My husband attended his brother’s lavish wedding, but I wasn’t invited. I simply smiled and responded with a trip to Rome. When it came time to pay for the reception, they started screaming…

I realized I hadn’t been invited to my brother-in-law’s wedding until three days before the ceremony, and not because anyone bothered to let me know. I found out because my husband, Ethan, left a cream-colored, embossed invitation on the kitchen counter while he was showering, as if I’d forgotten I was gone. The envelope bore only one name: Mr. Ethan Cole. No “and guests.” No “Mr. and Mrs..” Just him.

When he came downstairs and saw me holding it, he froze.

“It’s not what you think,” he said.

I gave a short, dry laugh. “So explain to me what I’m supposed to think when your brother invites you to a fancy wedding and deliberately leaves your wife out.”

Ethan rubbed the back of his neck. “Connor said the guest list has shrunk. Vivian wanted something very exclusive.”

“Choice?” I repeated. “I’m not a decorative element, Ethan. I’m your wife.”

She continued to defend them in that tired, hesitant tone you adopt when you know you’re wrong but hope the matter will resolve itself. Connor’s fiancée, Vivian, came from an old, wealthy Connecticut family. Every detail of the wedding had been meticulously planned for photos, the gossip pages, and social media. The reception was held at a restored estate near Newport, adorned with marble fountains and imported roses. Apparently, I didn’t fit the image. After much persuasion, Ethan finally admitted that Vivian found me “too outspoken” and that my work as an investigative journalist might make some members of her family uncomfortable.

“So they asked you to keep quiet,” I said.

She seemed guilty, but not guilty enough to stay home.

That’s what hurt the most.

“Are you going to continue?” I asked.

“He’s my brother.”

“And I’m your wife.”

After that, neither of us said a word. The silence that fell between us had something final, almost a divine judgment.

The morning of his departure, I smiled. Not because things were going well, but because I was tired of demanding respect. While he loaded his tuxedo into the car, I sat at the kitchen counter and booked a week in Rome. Business class. A five-star hotel near the Spanish Steps. Private food tours, museum tickets, and a leather shopping budget so exorbitant I almost laughed. By the time he returned for the charger, I was already checking my confirmation emails.

“Have you booked a trip?”

I sipped my coffee. “Rome.”

“Really?”

“You’re attending a luxury wedding without your wife. I’m responding with my own brand of luxury.”

“That’s childish.”

“No,” I replied calmly. “It was childish of your family to exclude me and expect me to stay home quietly.”

He stared at me, stunned, but left anyway.

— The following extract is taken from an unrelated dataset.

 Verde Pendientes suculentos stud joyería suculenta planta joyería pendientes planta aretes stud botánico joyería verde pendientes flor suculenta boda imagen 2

For two days, I shared only fragments of photos: champagne on the plane, a sunset over tiled rooftops, my hand clutching an espresso in a sunny piazza. Ethan texted me less and less. Then, on the night of the reception, while I was enjoying a truffle pasta on a terrace, my phone lit up: his name.

I reacted to the noise: raised voices, clinking glasses, music abruptly cut off.

“Claire,” he murmured, his voice cracking with panic. “You have to help me.”

I leaned back in my chair, gazing at Rome glittering at my feet.

“What happened?” I asked.

And amid the chaos behind him, he said the last thing I expected.

“They can’t afford the reception.”

At first, I thought he was joking. Connor and Vivian had spent six months turning their wedding into a lavish spectacle: drone footage of the rehearsal dinner, walls of champagne personalized with their initials, custom perfumes imported from Paris. The florist alone probably cost more than my first car. So when Ethan said they couldn’t pay, I thought he’d lost his mind.

“What do you mean, ‘can’t pay’?” I asked.
“They thought Vivian’s father would foot the balance,” Ethan said, his voice shaking. “Her father claims he’s already paid the agreed-upon amount. Connor says his parents promised to take care of the rest. His mother, however, claims she only offered to pay for the rehearsal dinner. The venue manager closed the bar and won’t reopen until the money is wired.”

In the background, a woman shouted, “This is humiliating!”

Vivian, I assume.

Then a man snapped, “You should have read the contract before you signed it.”

It was probably his father.

I took another bite of pasta, chewing slowly. “And where do I fit into all this?”